My aunt and uncle, one of my dad's brothers, lived in Greenfield, Iowa, where they had a farm. Greenfield's biggest claim to fame was (is?) having served as the location for the 1971 movie Cold Turkey, directed by Norman Lear and starring Dick Van Dyke. It's hard to believe that someone from Moline, Illinois, could feel like a city mouse, but there I did. The smell of hogs and hay, the acrid well water we had to brush our teeth with, my Aunt June's Sunday wig . . . We all agreed she made the world's best pancakes.
My Uncle Wilmer passed away a few years ago, but I spoke to Aunt June, who's 84, just last week, when my mom went to visit her.
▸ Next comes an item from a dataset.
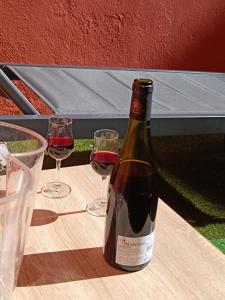 Una botella de vino sobre una mesa con dos copas. en Very quiet 2-person studio with a hot tub, en Villeurbanne 4 fotos más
She told me she wasn't doing so well, "though I try," and remarked on how strange the passage of time seemed: "Your cousin Roger turns 61 this year!"
I'm not sure how old I was when Aunt June and Uncle Wilmer came to visit years ago. Young enough to think of my bedroom as my "big girl's room." My parents had me bunk with my sister so our guests could use my big girl's double bed. The next morning, I remember being shocked to find a prized possession, my Buffy & Jody alarm clock, out in the hall next to the linen closet. The bedroom door was closed.
There's no question about it, the thing was loud. I thought of it recently when a manual clock I've had for years started driving me crazy in the middle of a restless night. I moved it into the next room, where it sits, its ticking still bugging me, even over music.